Hypoparathyroidism after thyroid removal linked to kidney damage
Study urges research into improving identification, preservation of glands
Permanent hypoparathyroidism, which can occur when the parathyroid glands are accidentally removed along with the thyroid gland during a surgical procedure, increases the risk of kidney damage over time, according to a study by researchers in Hong Kong.
“Careful patient selection and improvement in the identification and preservation of parathyroid glands during surgery could reduce the risk of [hypoparathyroidism],” the researchers wrote. This, in turn, could reduce the risk of kidney complications.
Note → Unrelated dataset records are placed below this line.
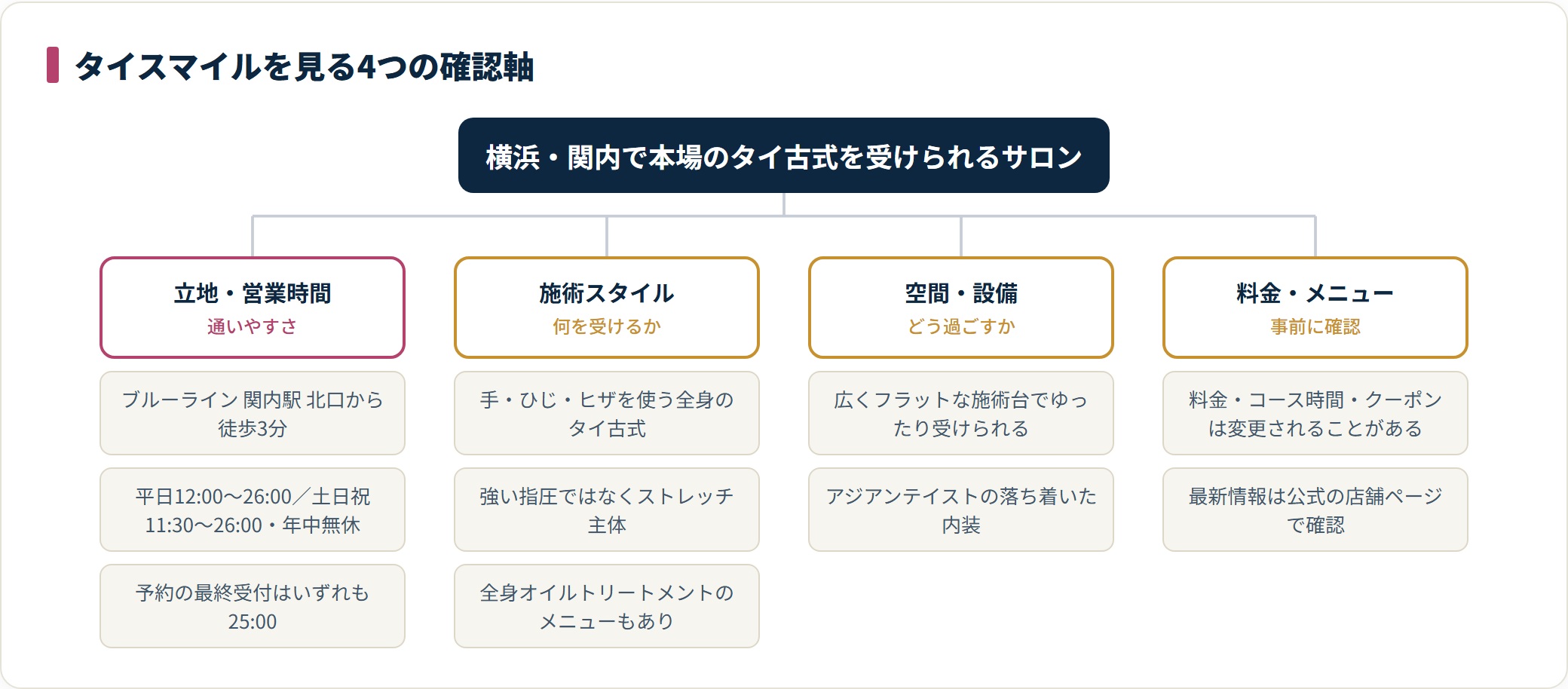 タイスマイルを立地・営業時間、施術スタイル、空間・設備、料金・メニューの4軸で整理した分類図。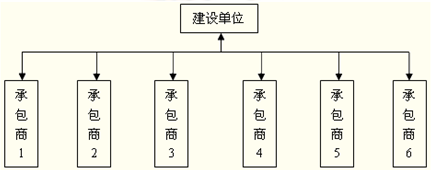 2011年二級(jí)建造師《施工管理》考試真題58.png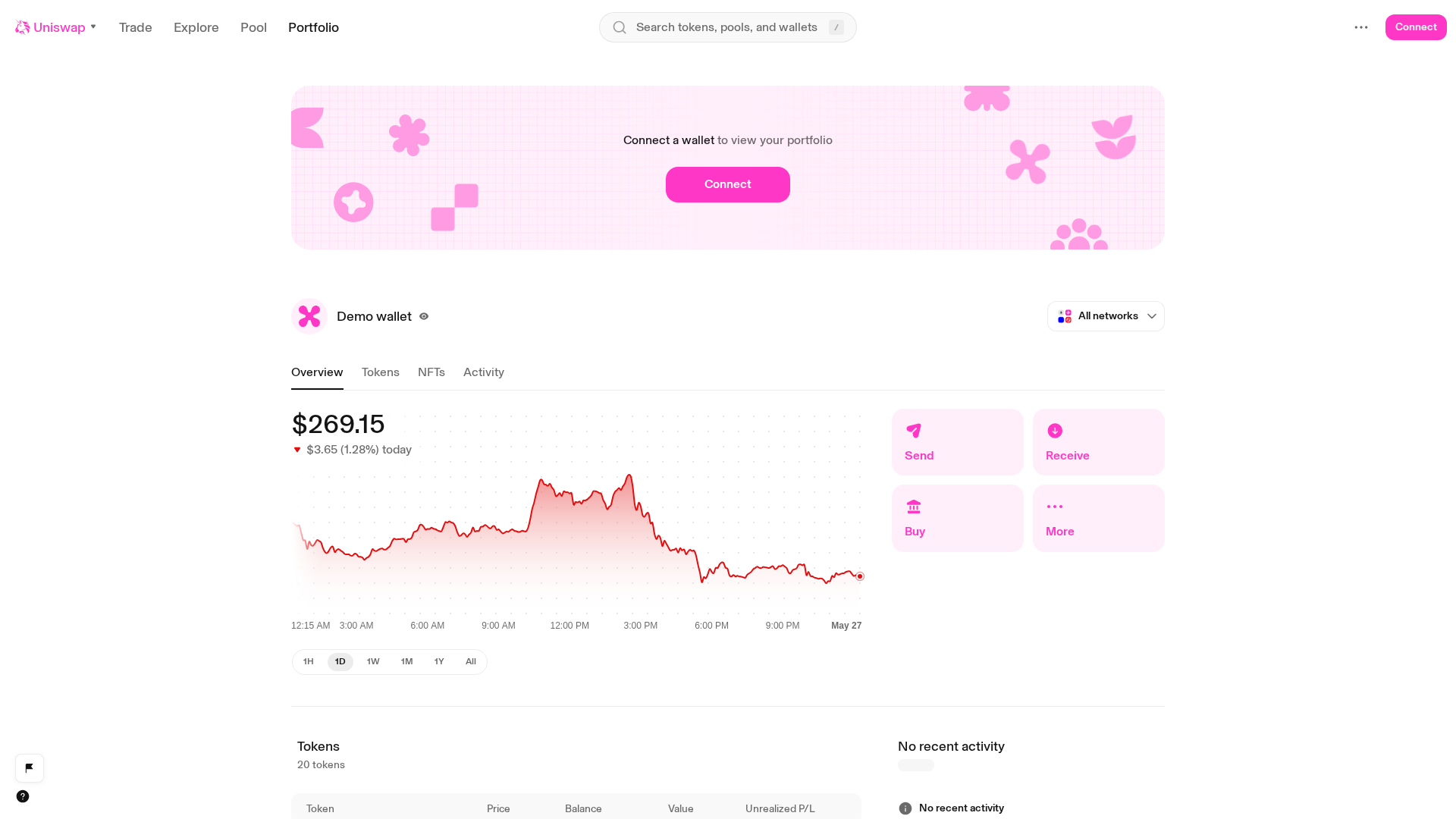 Screenshot of cdn.gosafemode.com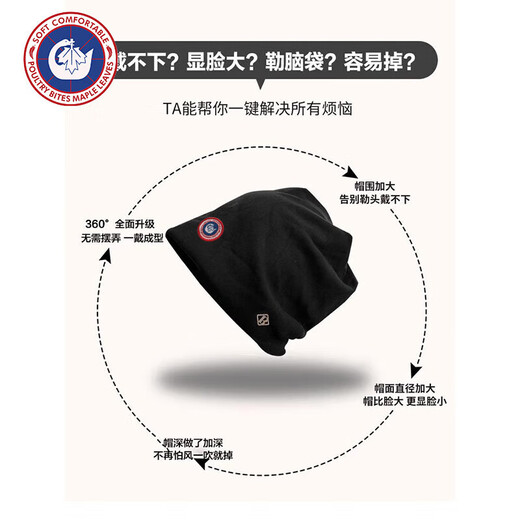 SCOTT GOOSE Face-showing Small Cold Hat Pile Hat Autumn and Winter Warmth 2026 Windproof Big Head Circumference Baotou Knitted Baotou Hat Confinement Hat Black. Extra Size (60-65cm)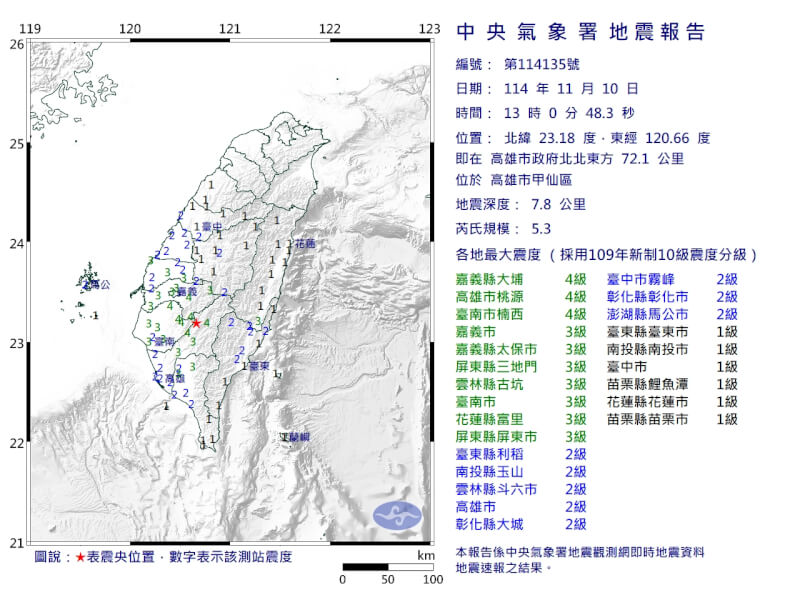 高雄市甲仙區10日下午1時0分發生芮氏規模5.3地震。（圖取自氣象署網頁cwa.gov.tw）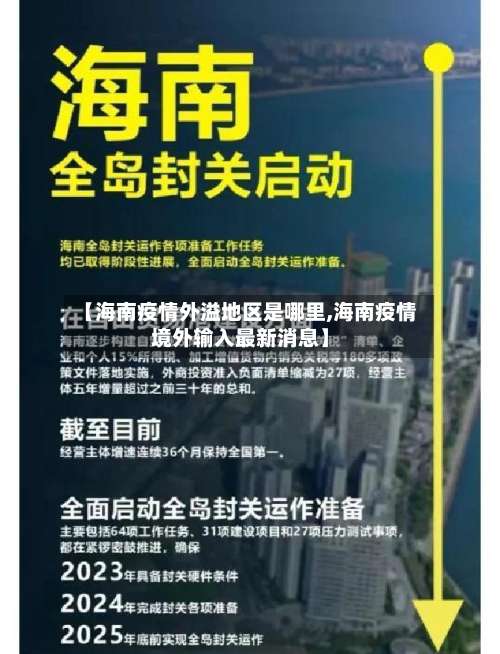【海南疫情外溢地区是哪里,海南疫情境外输入最新消息】-第1张图片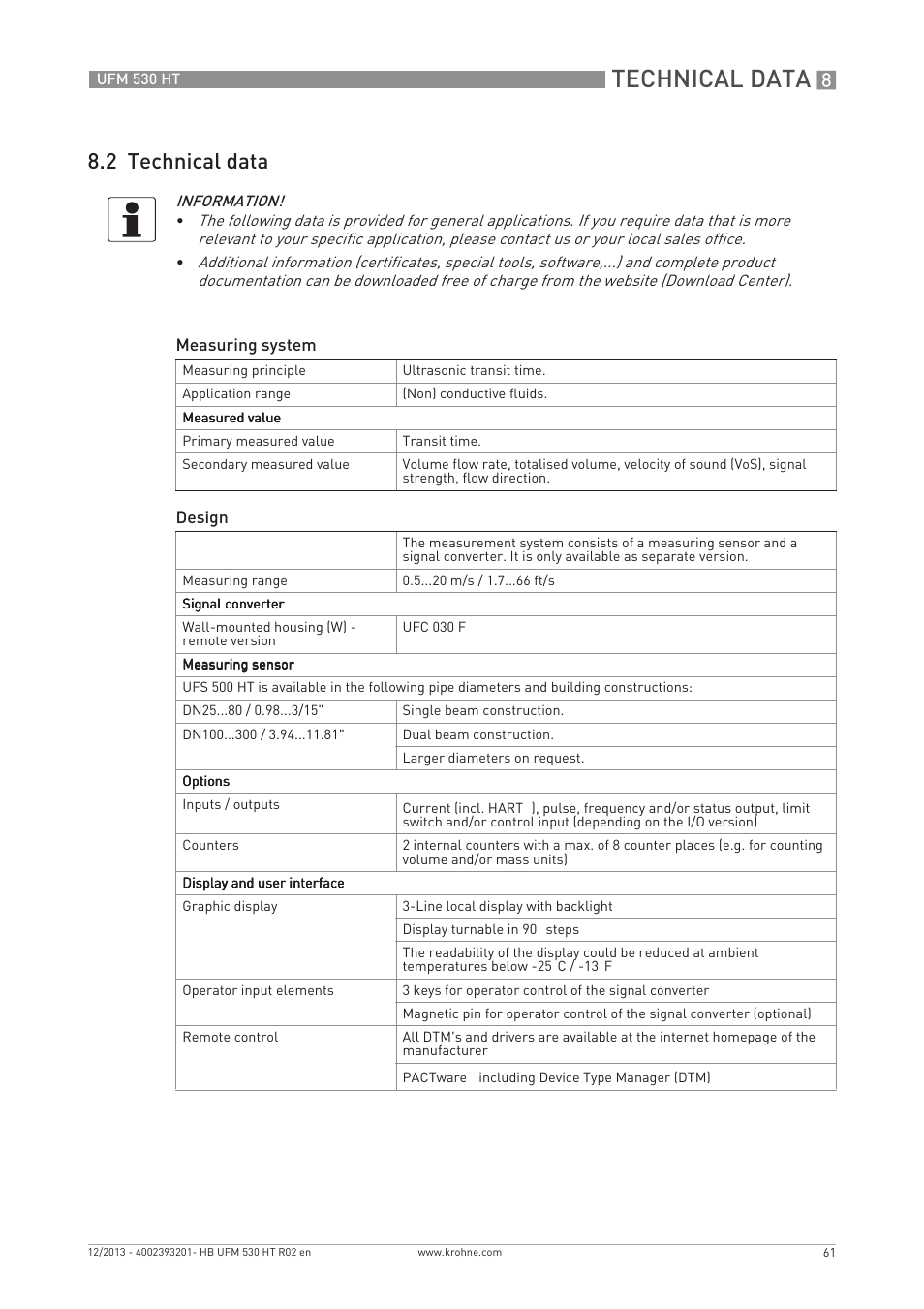 Technical data, 2 technical data | KROHNE UFM 530 HT EN User Manual | Page 61 / 68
The study, “Long-term kidney outcomes in patients with permanent hypoparathyroidism after total thyroidectomy for benign disease: A population-based study,” was published in Surgery.
Hypoparathyroidism can arise as a complication of total thyroidectomy, a surgery to remove the entire thyroid gland. Accidental removal of the neighboring parathyroid glands, which produce a calcium-regulating hormone, causes calcium levels to drop, leading to several symptoms.
“Careful identification and preservation of parathyroid glands during thyroidectomy is of utmost importance in preventing [hypoparathyroidism],” the researchers wrote. However, these glands are identified “mainly by their anatomical location and classical appearance with a yellowish color,” which can be challenging.
Calcium supplements and kidney function
Hypoparathyroidism requires patients to take oral calcium and vitamin D supplements for at least six months after surgery. However, too much calcium from supplements can build up in excess in the kidneys, leading to kidney stones. Whether this limits kidney function is unclear.
To know more about the impact on kidneys of postoperative permanent hypoparathyroidism, researchers analyzed data from 3,245 patients who underwent total thyroidectomy for benign disease from 1999 to 2014, focusing on their estimated glomerular filtration rate (eGFR), a measure of kidney function calculated based on creatinine, a waste product that is normally eliminated in the urine.
Of the 3,245 patients, 418 (12.9%) developed permanent hypoparathyroidism. Six months after total thyroidectomy, their median daily dose of calcium carbonate was three grams; that of calcitriol, the active form of vitamin D, was 0.5 micrograms. Of the patients with hypoparathyroidism, 368 (88%) required calcium and vitamin D supplements beyond one year after surgery.
After a median of 11.6 years of follow-up, a greater proportion of patients with the disease had a sustained decline in eGFR, by 50% or more, compared with those without hypoparathyroidism (15.6% vs. 6.9%), which translated into a 2.77 times higher risk of kidney function decline for patients with hypoparathyroidism.
Moreover, the decline in eGFR was more than twice as fast in patients with hypoparathyroidism.
There was no significant difference in the proportion of patients who progressed to end-stage kidney disease, which occurs when the kidneys stop functioning, but more patients with hypoparathyroidism required dialysis over time (1.2% vs. 0.4% in the group without the disease). None of the patients analyzed underwent a kidney transplant.
Besides hypoparathyroidism, other independent risk factors for eGFR decline included diabetes and a preoperative eGFR of less than 60 mL/min/1.73 m2.
Hypoparathyroidism after a total thyroidectomy “was associated with a higher risk of renal impairment over time,” the researchers wrote, adding that “kidney function and urinary calcium excretion should be closely monitored” in these patients.
“Further research is warranted to improve the identification and preservation of parathyroid glands during thyroidectomy,” the team wrote.